Won’t Your Travel Agent Help You Utilize All These Strategies?
trategies? The first key principle of travel savings is that you are the sole person responsible for obtaining great values for your travel needs. Neither travel suppliers (airlines, hotels, and so on) nor travel agents have the responsibility for expending the time and energy to find exceptional values, or even informing you when they may know of better values. In fact, if anything, just the opposite holds true. Suppliers in all industries inevitably seek to get the highest amount for a given product or service; airlines, hotels, and car rental companies are no different. It gets even worse when we consider travel agents: Agency commissions from airlines were cut back dramatically in 1997, thereby providing the impetus to charge service fees and scale back their efforts to find exceptional value for budget-conscious travelers. In 2002, airline companies reduced travel agent commissions to zero! Still, travel agents may have preferred override agreements with an airline, meaning they receive a special commission for booking in volume with a specific airline—a little secret they will not divulge to you, the traveler. However, the only two products that consistently provide travel agents with commissions of 10 percent or higher are packages/tours and cruises. Don’t be surprised when travel agents try to steer your vacation plans toward these prepackaged arrangements.
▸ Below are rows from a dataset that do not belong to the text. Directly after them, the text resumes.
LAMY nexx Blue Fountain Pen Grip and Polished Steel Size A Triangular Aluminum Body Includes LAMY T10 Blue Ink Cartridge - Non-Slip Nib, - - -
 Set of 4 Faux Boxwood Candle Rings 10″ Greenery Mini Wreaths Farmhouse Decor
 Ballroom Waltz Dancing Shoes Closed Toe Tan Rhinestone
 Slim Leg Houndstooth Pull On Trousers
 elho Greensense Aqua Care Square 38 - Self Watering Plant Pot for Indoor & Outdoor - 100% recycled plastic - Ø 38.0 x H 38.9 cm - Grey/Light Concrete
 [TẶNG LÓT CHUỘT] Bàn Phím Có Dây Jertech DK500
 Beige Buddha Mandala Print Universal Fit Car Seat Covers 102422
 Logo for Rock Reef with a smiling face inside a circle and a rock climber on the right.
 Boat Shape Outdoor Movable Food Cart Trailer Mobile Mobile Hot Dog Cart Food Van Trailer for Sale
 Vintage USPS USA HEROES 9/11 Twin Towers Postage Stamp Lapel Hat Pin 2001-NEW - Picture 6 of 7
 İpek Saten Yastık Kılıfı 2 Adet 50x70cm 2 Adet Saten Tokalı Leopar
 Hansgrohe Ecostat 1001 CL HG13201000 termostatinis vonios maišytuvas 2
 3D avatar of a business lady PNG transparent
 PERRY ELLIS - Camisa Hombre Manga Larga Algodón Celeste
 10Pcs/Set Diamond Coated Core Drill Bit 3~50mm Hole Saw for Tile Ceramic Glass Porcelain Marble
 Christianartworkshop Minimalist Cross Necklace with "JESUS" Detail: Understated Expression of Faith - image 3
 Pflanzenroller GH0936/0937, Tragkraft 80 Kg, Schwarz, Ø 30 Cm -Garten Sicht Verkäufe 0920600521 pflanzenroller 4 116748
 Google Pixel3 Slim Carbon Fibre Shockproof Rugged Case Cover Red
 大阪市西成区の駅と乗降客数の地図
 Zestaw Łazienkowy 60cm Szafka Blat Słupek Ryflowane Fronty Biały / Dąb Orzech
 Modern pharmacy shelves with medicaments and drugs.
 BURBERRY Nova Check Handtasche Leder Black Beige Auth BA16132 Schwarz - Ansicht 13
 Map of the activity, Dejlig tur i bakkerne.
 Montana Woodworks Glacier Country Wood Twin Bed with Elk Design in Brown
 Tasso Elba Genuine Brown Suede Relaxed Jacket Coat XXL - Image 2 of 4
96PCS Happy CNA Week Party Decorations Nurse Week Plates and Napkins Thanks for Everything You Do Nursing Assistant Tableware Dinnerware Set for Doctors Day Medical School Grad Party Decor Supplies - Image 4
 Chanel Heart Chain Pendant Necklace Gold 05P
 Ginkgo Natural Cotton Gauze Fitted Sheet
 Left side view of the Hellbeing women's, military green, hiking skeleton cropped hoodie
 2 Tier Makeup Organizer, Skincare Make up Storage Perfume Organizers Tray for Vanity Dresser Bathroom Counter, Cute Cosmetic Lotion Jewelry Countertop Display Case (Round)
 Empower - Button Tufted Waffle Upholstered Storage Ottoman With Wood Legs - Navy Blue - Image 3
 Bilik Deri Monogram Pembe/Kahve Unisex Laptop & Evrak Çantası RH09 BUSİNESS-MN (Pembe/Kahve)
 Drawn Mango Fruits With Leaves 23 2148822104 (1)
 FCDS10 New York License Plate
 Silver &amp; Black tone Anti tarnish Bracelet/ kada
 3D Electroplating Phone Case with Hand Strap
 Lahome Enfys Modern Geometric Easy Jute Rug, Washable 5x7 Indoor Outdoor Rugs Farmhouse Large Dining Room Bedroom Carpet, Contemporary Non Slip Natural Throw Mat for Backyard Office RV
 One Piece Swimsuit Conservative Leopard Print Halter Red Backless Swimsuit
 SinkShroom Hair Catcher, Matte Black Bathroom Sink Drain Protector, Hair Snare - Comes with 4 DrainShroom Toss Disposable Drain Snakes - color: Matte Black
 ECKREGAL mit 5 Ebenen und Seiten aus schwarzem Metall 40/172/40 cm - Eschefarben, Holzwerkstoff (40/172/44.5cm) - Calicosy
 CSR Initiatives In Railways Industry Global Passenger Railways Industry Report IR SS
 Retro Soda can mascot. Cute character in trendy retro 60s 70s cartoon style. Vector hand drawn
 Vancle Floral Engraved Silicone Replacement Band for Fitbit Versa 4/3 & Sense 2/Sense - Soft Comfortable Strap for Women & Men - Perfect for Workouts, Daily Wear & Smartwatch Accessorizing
Within these pages, we expose those secrets jealously guarded by travel insiders and industry suppliers. You won’t learn about them from your travel agent—in fact, he will likely tell you that what we advise is impractical or even impossible. Don’t believe it. We’ve done it and so can you. Finally, are we completely pessimistic regarding the potential for travel agents assisting the world traveler or road warrior? Absolutely not! There are several instances where a travel agent with specific expertise or attention to excellence in service can be worth his or her weight in gold (and then some). . . .
Won’t Saving Money Take Up Too Much of My Time?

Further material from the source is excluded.